The park would have ample space for a Biodiesel production facility. Biodiesel is normally made from used cooking oil and other waste vegetable oils. This facility could be a perfect adjunct to the algal/photobioreactor fuel operation, converting not only waste cooking oil, but also the oils produced in those facilities.”
- A Plan For The Future of Our Town, c. October 1st 2009

Verde Biofuel CEO Tim McLellan said his company is “very excited to be part of such a dynamic, cutting edge project like the Clarkdale Sustainability Park.” McLellan’s company, based in Jerome, manufactures biofuel trailers containing all the necessary components for laymen to brew their own biofuel from recycled cooking oils. “Sustainability is not only the most intelligent approach to preserving our future, it is the only viable approach there is”, continues Mr. McLellan. “The Clarkdale Sustainability Park is an ideal model for several reasons. Clarkdale is a very small community with a forward thinking, progressive attitude that will serve as a very good example for other cities - large and small. With enough usable land, a sewer system already in place and great support from an enthusiastic community, there is no doubt the Clarkdale Sustainability Park will be a successful project”.

Jason Rogers, Verde Biofuel sales and marketing, adds, “It's great to witness this eco-social paradigm shift taking place not only globally, but locally as well. It's only a matter of time before all communities will come to their senses and do something."





According to Mayor Von Gausig, Clarkdale’s unique geographical position at the “top of the Verde Valley’ has always made retail growth a struggle. Clarkdale is not at major crossroads or “on the way” to any place else. The only reason folks come to Clarkdale is if they meant to. So, generating economy from retail businesses is difficult. Main Street is the quiet home to historic gas station, and a handful of bars, offices, and restaurants, with “downtown” anchored by the massive carcass of a former grocery store, now used for storage space, and up for sale for most
of the past 2 decades.




“We have never considered growth in housing a sustainable economy, so we are always looking for alternative sources of revenue so that we can give our citizens the services they deserve”, said the mayor, “This park will be a major source of revenues for the town in a number of ways, and will improve our future economic development with a clean, robust and durable industry. It will bring eco-tourists, governmental students, and business seminars here to see how it's done.

“Second, I think we can all agree that climate change is the biggest long-term threat that our country and the world faces. Whether one believes that warming is human-caused or not, we know that cannot afford to add any more carbon to the atmosphere. We are also facing depletion of fossil fuels and we all know that reliance on oil from foreign sources is contrary to our national interests. The Clarkdale Sustainability Park will produce clean, zero-carbon electricity and fuel, but with a difference.
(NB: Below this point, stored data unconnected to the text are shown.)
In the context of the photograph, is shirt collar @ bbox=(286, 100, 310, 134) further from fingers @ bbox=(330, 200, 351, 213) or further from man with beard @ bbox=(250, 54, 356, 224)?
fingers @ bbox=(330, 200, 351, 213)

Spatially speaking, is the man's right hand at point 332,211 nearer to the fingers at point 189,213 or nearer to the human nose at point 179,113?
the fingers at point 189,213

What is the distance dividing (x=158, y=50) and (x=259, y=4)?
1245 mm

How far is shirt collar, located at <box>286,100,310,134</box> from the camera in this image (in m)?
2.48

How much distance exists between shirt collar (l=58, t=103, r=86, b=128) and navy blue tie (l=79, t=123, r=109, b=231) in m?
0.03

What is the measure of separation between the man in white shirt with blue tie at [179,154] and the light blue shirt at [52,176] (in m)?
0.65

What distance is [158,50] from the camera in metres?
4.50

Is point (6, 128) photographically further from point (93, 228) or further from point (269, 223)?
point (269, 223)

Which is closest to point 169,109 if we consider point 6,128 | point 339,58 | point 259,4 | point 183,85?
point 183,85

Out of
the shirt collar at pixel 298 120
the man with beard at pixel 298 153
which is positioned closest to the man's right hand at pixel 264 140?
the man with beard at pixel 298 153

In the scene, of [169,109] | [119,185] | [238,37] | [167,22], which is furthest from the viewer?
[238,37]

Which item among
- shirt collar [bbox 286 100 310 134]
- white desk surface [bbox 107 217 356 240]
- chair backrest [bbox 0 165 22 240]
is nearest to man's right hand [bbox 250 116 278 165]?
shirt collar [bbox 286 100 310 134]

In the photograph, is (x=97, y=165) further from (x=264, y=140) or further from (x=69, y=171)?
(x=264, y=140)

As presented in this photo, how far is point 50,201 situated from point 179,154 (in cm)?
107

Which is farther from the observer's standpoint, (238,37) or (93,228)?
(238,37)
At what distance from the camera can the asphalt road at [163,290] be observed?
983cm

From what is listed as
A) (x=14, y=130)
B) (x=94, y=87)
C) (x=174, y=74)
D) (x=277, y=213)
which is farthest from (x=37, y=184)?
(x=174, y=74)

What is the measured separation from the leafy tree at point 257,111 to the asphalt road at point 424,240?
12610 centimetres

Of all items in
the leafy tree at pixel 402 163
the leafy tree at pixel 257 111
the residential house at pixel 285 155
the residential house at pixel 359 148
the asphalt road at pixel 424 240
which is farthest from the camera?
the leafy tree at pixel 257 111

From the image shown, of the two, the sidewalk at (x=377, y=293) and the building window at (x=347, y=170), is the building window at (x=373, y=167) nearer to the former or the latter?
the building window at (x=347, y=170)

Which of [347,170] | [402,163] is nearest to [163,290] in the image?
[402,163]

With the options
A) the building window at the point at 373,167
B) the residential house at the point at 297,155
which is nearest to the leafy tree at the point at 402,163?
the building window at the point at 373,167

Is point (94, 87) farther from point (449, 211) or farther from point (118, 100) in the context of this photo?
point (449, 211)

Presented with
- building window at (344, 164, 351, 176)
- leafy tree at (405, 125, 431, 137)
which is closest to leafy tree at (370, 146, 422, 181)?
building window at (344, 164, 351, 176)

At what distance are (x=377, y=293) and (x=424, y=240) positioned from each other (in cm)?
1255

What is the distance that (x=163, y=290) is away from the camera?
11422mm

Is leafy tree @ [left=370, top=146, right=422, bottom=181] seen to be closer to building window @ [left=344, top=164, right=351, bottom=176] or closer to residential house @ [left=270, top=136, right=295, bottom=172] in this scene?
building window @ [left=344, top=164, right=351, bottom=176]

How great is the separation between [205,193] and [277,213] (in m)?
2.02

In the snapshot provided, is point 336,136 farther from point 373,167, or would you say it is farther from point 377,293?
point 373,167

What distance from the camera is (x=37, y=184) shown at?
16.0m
This park transfers the responsibility for reducing our carbon footprint from the individual, where it is now, to the community. I like to say that the Clarkdale Sustainability Park will have the same impact on the environment as if every citizen of Clarkdale changed to LED lighting, had solar panels on their roofs, and we all drove hybrid vehicles. While asking everyone to insulate better and turn off lights is great, it's not getting the job done. We need to take this problem on as communities, no longer as individuals.”

“Third, there is a tremendous need for ‘incubator’ facilities, like the Clarkdale Sustainability Park. In these parks, several different alternative energy installations will be integrated and synergistic. The park will be a place where seemingly unconnected energy producers, like algae and solar power, can come together to help each other solve the energy problems we are facing. The solution will necessarily lie in a diverse portfolio of energy generators - no one technology has all the answers. In the Clarkdale Sustainability Park they will all learn and improvise new ways to work together more efficiently. It will be a very organic operation that will solve problems and create new opportunities by working cooperatively and adaptively.
In addition to these goals, there is Peck's Lake.”
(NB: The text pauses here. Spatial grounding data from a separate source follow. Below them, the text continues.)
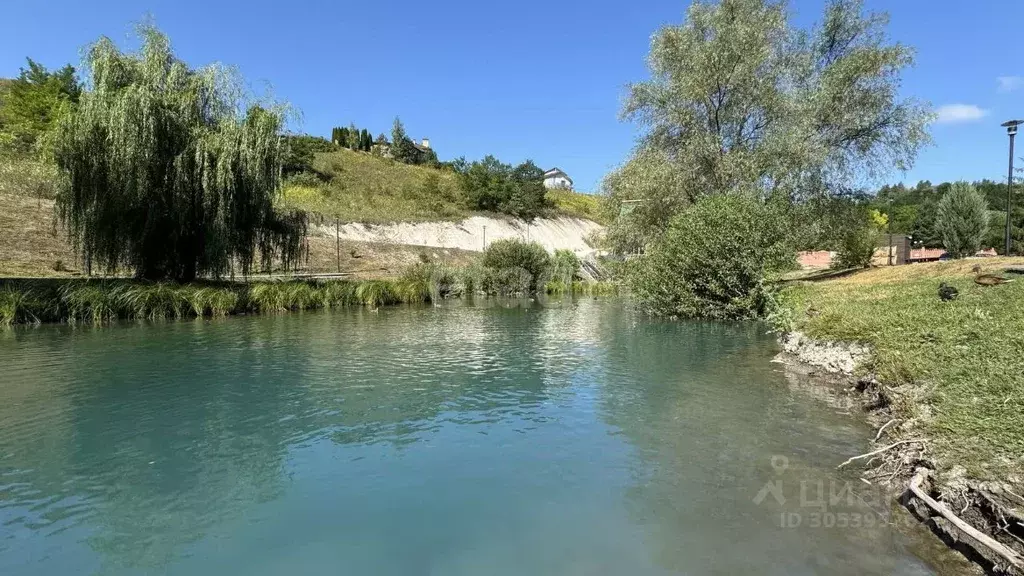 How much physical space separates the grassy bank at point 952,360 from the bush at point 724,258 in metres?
4.81

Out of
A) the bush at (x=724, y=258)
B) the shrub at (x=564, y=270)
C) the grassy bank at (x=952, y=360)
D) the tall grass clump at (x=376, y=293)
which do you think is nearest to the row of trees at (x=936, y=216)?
the bush at (x=724, y=258)

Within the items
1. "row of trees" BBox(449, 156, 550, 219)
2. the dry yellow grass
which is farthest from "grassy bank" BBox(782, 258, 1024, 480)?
"row of trees" BBox(449, 156, 550, 219)

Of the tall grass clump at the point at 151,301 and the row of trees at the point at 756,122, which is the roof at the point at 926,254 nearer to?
the row of trees at the point at 756,122

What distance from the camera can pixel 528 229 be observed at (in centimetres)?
6431

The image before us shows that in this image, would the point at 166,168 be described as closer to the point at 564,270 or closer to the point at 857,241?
the point at 564,270

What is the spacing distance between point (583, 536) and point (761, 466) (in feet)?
8.17

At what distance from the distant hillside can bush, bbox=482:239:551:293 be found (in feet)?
29.4

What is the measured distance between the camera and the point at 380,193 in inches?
2440

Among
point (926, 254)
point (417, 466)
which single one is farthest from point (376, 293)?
point (926, 254)

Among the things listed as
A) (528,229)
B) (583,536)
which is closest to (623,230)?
(583,536)

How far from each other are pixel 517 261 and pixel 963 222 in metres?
34.4

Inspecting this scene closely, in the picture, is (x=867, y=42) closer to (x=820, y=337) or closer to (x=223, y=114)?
(x=820, y=337)

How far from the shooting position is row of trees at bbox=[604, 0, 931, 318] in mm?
20625

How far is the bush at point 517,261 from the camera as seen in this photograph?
35750 mm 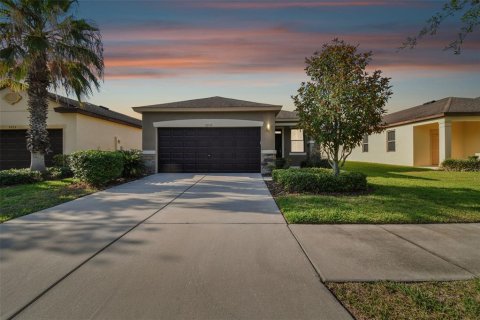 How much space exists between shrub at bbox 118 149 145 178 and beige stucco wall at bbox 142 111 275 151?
1.40m

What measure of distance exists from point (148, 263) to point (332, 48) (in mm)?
8143

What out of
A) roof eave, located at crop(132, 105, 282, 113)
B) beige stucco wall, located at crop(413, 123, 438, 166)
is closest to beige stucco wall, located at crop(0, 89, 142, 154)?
roof eave, located at crop(132, 105, 282, 113)

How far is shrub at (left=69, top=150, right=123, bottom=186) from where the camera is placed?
9.53 m

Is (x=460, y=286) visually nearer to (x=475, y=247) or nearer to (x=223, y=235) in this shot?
(x=475, y=247)

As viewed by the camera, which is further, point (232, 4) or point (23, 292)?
point (232, 4)

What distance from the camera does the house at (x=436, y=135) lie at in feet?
53.8

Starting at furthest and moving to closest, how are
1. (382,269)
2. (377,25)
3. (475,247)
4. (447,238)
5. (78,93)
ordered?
(78,93) < (377,25) < (447,238) < (475,247) < (382,269)

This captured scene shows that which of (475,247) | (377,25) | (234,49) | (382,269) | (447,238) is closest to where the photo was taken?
(382,269)

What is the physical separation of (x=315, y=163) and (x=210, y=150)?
239 inches

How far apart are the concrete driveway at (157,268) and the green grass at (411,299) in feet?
0.65

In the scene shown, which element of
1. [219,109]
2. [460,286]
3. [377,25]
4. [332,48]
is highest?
[377,25]

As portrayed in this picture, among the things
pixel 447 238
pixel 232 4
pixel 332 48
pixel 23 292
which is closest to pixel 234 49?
pixel 232 4

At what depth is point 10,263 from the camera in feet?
11.5

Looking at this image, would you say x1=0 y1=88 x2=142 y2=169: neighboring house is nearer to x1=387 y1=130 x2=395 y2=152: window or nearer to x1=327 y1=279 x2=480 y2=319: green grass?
x1=327 y1=279 x2=480 y2=319: green grass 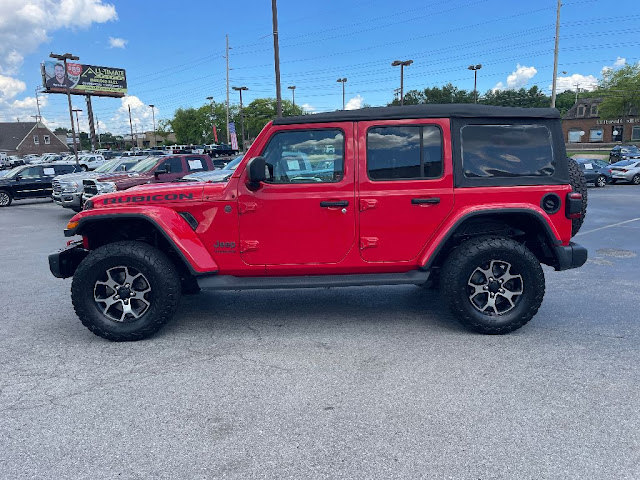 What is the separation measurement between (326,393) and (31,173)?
806 inches

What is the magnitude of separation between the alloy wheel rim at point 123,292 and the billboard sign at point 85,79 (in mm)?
67501

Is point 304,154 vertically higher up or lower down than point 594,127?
lower down

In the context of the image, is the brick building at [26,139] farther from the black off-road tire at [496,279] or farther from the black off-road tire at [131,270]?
the black off-road tire at [496,279]

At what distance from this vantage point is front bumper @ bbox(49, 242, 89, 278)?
14.4ft

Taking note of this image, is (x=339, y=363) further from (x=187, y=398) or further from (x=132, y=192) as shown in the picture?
(x=132, y=192)

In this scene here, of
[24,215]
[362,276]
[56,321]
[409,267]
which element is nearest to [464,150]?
[409,267]

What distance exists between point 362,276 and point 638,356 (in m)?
2.32

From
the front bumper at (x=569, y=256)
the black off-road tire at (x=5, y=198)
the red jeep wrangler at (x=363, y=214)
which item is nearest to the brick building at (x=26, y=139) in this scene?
the black off-road tire at (x=5, y=198)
The proposed location for the park is land surrounding Peck’s Lake, a river-fed oxbow lake in Clarkdale. The lake, part of one of Arizona’s very first “Important Birding Areas” as designated by the Audubon Society, was a favorite recreation area enjoyed by Clarkdale residents for 90 years. Once home to a dance pavilion, 9 hole golf course, 4th of July fireworks, baseball games and boat races, the property has survived several ill-planned, ill-fated attempts at housing developments. Currently owned by Phelps Dodge successors, Freeport McMoRan Cooper and Gold, Peck’s Lake has been closed to the public since January 2004, when the town’s $1.00 per year lease expired and was not renewed. The area has reverted to wild, and the day use/picnic areas have fallen into a state of neglect-- the ramadas taken over by nature, and waist-high weeds, the lake choking with non-native species of plants. The lake’s clogged condition has contributed to the decline of bird population in the area.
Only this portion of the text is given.